Will you output all of the data below exactly, omitting the images?

[Opening SOURCE DATA section]

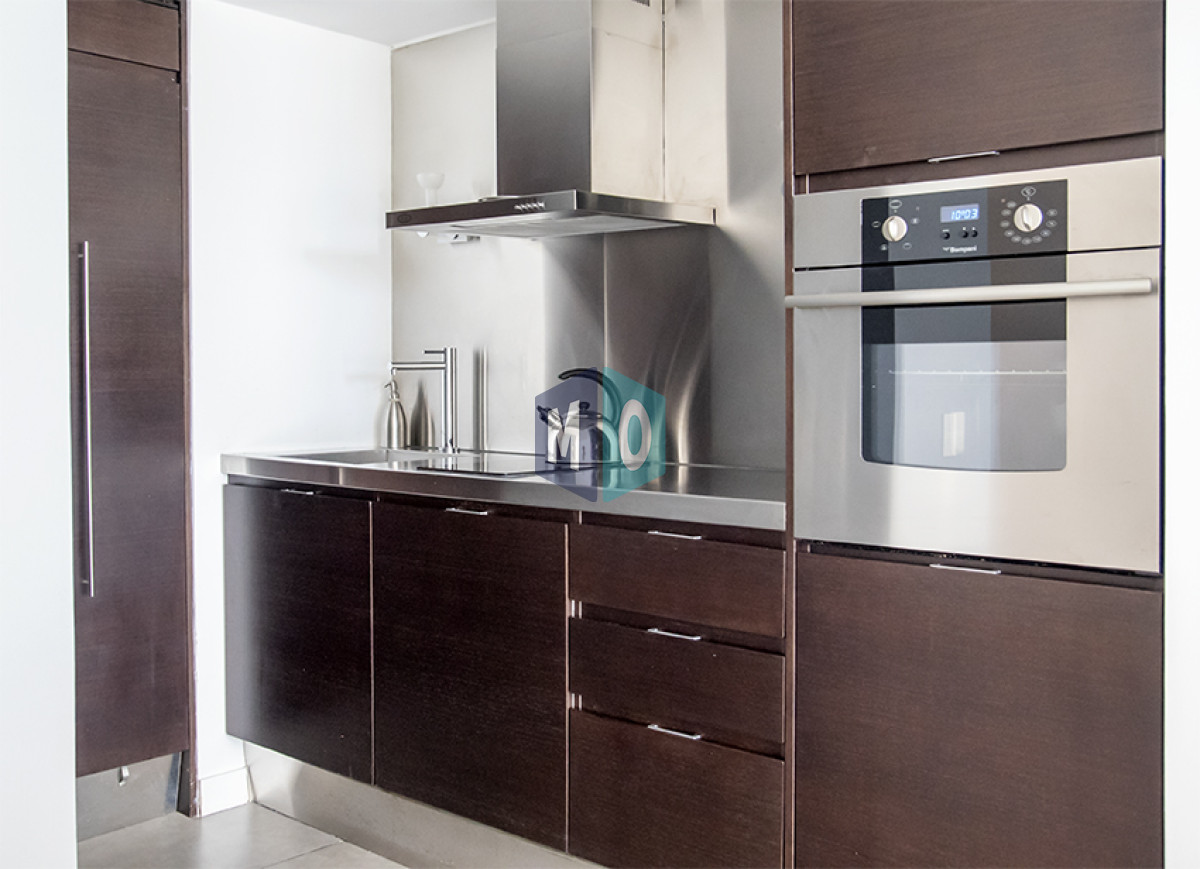 Apartamento ID.1083 - Apartamento en venta de 1 dormitorios a pasos del shopping en Punta del Este.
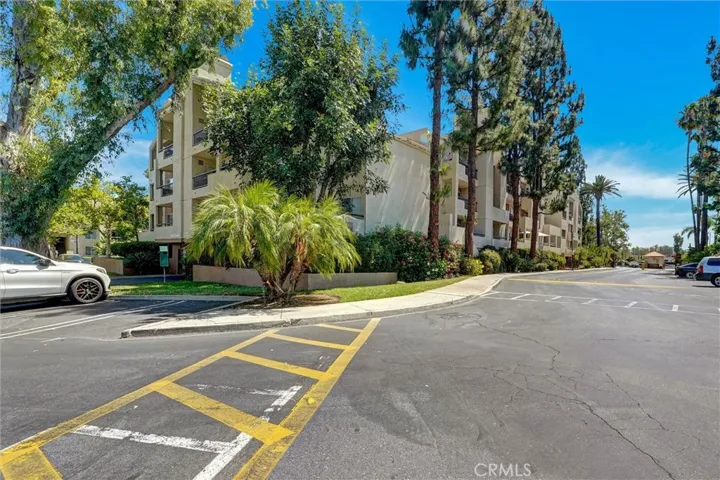 5545 Canoga Avenue 220, Woodland Hills, California 91367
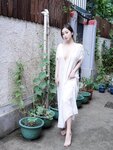 [XR Uncensored] 楠芝 - R18 秀人网模特 身着白色长裙的美女画家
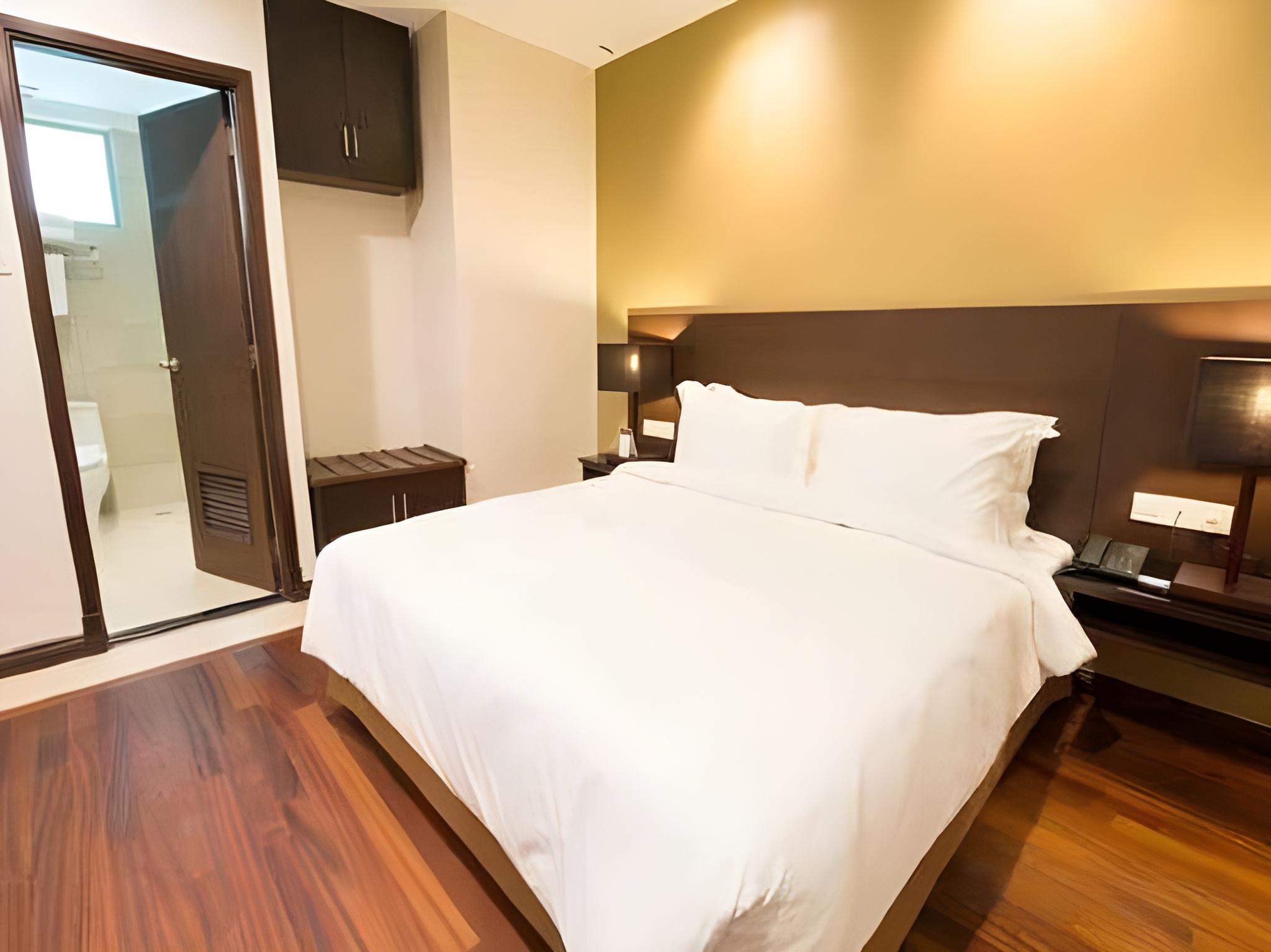 Suite, Double or Twin Bed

[Closing SOURCE DATA section]

RESULT BELOW
 Apartamento ID.1083 - Apartamento en venta de 1 dormitorios a pasos del shopping en Punta del Este.
 5545 Canoga Avenue 220, Woodland Hills, California 91367
 [XR Uncensored] 楠芝 - R18 秀人网模特 身着白色长裙的美女画家
 Suite, Double or Twin Bed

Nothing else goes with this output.